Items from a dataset
========

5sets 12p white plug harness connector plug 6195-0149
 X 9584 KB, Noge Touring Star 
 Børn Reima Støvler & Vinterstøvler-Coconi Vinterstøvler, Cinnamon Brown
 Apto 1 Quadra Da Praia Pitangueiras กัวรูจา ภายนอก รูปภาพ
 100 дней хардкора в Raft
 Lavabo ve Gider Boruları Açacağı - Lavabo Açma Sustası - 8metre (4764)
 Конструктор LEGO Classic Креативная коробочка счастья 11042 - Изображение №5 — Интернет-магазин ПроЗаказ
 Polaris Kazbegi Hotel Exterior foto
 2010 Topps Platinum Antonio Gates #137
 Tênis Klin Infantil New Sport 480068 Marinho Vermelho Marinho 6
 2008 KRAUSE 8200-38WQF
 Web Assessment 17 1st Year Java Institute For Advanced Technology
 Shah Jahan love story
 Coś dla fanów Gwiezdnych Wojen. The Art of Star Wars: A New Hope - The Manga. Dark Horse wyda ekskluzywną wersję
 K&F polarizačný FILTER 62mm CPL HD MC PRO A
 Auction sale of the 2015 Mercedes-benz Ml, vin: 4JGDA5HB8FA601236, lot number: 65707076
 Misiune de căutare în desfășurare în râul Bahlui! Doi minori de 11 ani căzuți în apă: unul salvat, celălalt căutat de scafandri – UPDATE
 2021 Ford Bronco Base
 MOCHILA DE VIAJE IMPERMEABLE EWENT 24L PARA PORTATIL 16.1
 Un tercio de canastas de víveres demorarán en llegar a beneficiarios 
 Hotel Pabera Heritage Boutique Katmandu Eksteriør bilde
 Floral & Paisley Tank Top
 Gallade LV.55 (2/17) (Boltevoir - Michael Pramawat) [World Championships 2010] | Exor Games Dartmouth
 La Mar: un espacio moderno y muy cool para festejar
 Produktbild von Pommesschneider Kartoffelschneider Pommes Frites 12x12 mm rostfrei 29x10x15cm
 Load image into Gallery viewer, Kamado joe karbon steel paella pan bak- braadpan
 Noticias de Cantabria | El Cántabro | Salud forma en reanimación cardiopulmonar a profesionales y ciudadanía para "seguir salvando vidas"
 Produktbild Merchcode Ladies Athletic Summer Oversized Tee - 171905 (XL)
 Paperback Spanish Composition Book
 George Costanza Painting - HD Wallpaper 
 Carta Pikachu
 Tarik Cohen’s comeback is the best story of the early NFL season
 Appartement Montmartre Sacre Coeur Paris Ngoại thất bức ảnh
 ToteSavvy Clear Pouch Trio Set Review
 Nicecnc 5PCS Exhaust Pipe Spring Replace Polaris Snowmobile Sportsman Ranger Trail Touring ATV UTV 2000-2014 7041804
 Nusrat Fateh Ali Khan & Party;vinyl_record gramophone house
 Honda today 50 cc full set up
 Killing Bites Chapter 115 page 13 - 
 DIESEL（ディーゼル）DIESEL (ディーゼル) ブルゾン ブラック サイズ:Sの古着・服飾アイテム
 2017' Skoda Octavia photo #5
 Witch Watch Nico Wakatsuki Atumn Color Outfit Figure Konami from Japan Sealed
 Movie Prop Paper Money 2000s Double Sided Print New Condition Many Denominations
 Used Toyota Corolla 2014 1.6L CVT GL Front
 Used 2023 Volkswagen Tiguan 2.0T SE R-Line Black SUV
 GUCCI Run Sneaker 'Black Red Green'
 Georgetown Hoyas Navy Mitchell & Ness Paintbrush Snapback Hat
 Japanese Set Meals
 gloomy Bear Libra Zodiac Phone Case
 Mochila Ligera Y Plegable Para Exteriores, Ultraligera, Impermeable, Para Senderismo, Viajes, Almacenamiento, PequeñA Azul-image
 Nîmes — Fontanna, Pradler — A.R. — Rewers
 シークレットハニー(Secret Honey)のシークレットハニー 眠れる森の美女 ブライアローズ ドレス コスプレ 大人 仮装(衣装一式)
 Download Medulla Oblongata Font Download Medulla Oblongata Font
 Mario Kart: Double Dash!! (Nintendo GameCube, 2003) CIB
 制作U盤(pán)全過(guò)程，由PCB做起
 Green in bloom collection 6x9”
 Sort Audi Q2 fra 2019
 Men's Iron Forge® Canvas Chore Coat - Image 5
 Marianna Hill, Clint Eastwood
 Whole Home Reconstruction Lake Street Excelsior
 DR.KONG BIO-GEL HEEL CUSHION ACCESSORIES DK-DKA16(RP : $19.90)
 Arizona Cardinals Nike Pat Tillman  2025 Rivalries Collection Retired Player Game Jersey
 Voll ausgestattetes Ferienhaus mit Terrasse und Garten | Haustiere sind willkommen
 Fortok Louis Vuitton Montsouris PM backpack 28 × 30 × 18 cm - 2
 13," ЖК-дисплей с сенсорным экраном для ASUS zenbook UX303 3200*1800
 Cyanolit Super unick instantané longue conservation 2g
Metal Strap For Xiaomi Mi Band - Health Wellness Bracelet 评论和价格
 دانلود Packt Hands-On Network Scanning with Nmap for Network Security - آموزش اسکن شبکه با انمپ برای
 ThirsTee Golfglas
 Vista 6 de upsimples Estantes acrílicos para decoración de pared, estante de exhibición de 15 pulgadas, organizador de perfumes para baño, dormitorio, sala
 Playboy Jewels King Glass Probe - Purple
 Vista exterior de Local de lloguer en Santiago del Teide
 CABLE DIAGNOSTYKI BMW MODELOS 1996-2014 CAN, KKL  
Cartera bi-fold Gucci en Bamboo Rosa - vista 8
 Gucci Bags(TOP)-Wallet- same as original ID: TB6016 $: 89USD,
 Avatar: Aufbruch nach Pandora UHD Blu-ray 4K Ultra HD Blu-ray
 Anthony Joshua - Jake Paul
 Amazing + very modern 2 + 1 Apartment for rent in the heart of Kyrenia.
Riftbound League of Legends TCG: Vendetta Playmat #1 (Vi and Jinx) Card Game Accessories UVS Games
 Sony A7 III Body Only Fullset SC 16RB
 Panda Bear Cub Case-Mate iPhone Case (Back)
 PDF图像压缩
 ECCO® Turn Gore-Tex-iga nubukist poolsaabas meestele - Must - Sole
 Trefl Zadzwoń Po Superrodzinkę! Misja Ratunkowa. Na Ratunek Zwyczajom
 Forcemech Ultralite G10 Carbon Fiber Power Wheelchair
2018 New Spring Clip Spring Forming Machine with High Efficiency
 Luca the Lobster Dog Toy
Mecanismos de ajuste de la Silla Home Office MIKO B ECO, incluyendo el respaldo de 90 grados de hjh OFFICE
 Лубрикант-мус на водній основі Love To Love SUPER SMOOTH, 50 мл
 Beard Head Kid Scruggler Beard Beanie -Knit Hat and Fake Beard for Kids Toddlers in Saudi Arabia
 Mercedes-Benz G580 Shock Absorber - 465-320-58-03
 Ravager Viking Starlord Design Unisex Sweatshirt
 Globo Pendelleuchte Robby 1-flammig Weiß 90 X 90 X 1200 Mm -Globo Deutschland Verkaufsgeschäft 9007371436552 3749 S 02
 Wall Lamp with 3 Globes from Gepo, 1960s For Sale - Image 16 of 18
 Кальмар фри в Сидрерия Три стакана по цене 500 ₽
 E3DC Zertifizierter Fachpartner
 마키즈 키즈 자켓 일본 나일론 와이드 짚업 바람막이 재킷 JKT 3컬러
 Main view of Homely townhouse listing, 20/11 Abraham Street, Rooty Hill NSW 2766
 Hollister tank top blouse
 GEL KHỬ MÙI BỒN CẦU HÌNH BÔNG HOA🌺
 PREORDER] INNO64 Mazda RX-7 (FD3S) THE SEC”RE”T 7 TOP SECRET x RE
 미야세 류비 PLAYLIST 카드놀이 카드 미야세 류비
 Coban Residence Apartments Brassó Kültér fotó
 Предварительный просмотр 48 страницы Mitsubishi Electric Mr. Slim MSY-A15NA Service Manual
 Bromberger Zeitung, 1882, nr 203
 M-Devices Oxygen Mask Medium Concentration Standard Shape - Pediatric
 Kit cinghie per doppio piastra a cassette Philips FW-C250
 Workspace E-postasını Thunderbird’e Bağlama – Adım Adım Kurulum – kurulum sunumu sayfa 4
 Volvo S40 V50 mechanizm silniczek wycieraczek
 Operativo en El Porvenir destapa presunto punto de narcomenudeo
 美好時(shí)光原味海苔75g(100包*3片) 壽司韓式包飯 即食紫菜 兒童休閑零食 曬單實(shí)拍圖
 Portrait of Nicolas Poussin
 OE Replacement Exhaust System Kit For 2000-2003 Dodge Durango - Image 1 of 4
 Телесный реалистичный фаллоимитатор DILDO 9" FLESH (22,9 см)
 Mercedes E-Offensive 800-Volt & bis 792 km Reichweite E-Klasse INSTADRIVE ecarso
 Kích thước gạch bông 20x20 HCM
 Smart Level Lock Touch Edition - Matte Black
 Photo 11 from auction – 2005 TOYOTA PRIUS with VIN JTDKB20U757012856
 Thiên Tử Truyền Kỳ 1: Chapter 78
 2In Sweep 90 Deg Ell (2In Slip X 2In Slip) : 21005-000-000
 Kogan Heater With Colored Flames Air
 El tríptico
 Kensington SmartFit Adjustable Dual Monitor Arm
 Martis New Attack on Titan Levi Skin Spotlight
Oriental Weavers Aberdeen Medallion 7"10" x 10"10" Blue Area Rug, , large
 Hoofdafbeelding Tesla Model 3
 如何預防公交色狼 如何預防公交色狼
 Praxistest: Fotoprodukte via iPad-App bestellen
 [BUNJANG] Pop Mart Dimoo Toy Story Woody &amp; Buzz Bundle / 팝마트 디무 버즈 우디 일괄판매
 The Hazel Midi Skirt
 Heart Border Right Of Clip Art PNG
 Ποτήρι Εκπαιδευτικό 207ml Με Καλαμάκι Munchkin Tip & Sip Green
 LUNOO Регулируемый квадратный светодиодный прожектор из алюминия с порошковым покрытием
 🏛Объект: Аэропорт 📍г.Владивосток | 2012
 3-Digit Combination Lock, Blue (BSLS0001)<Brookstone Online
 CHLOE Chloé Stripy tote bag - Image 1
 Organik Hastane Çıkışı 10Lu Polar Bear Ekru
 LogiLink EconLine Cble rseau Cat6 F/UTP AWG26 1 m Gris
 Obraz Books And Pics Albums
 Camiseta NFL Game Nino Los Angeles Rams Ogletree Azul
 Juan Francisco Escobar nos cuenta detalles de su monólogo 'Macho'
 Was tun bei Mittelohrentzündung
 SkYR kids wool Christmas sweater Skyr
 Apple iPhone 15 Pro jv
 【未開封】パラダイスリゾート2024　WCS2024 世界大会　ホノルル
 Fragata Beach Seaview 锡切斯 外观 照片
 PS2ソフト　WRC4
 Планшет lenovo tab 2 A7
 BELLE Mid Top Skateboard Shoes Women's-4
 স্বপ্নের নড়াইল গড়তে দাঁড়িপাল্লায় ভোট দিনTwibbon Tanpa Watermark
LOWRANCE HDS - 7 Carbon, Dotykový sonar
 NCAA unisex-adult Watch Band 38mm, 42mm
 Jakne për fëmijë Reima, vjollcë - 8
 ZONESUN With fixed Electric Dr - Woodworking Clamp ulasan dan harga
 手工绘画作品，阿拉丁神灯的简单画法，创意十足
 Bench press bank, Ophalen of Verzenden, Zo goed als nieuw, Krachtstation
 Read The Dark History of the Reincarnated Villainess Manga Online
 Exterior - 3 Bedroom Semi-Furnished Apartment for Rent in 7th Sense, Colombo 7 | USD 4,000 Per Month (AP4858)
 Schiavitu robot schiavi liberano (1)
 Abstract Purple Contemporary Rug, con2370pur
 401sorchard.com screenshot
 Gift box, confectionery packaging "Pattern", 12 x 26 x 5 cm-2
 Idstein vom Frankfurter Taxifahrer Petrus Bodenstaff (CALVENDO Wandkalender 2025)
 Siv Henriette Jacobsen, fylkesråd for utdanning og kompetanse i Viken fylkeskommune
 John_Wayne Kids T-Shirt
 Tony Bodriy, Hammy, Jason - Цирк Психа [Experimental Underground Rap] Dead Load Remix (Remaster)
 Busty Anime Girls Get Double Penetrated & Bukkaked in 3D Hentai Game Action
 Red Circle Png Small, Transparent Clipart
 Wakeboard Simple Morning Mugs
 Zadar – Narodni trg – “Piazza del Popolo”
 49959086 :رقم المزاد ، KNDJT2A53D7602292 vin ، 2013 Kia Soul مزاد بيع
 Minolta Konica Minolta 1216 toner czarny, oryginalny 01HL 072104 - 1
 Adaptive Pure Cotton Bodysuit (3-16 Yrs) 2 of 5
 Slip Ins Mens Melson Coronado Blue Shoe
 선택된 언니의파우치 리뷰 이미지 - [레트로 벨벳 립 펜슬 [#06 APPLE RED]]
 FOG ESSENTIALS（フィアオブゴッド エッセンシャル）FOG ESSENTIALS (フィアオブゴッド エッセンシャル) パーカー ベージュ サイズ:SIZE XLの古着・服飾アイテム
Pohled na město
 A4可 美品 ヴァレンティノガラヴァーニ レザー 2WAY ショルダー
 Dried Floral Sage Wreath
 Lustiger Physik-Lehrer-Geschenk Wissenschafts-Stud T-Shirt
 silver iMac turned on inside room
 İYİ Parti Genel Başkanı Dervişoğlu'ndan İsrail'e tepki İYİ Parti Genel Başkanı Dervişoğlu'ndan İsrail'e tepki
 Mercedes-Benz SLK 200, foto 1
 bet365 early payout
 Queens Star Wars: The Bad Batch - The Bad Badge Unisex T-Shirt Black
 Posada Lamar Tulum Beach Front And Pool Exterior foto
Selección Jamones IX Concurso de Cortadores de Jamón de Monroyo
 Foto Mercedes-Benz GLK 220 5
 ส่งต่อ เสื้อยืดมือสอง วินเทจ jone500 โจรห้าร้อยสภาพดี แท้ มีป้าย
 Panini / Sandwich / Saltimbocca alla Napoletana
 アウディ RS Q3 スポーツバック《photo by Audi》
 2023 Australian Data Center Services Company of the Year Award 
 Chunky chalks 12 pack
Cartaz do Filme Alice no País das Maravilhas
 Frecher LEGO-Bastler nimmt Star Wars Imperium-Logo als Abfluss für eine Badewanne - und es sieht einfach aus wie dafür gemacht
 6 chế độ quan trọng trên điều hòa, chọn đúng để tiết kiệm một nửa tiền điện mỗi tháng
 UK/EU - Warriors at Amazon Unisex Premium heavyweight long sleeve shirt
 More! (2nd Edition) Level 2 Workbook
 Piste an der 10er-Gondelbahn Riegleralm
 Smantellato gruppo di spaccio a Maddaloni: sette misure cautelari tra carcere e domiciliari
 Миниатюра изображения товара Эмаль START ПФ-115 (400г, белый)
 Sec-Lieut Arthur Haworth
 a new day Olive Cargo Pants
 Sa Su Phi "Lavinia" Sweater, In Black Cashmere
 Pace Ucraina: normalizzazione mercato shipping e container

========

Prompt >> Each line from the beginning of the entries to the line with "Polaris Kazbegi Hotel Exterior foto" must be repeated exactly, with both end lines kept and no other lines given.

Result >>
5sets 12p white plug harness connector plug 6195-0149
 X 9584 KB, Noge Touring Star 
 Børn Reima Støvler & Vinterstøvler-Coconi Vinterstøvler, Cinnamon Brown
 Apto 1 Quadra Da Praia Pitangueiras กัวรูจา ภายนอก รูปภาพ
 100 дней хардкора в Raft
 Lavabo ve Gider Boruları Açacağı - Lavabo Açma Sustası - 8metre (4764)
 Конструктор LEGO Classic Креативная коробочка счастья 11042 - Изображение №5 — Интернет-магазин ПроЗаказ
 Polaris Kazbegi Hotel Exterior foto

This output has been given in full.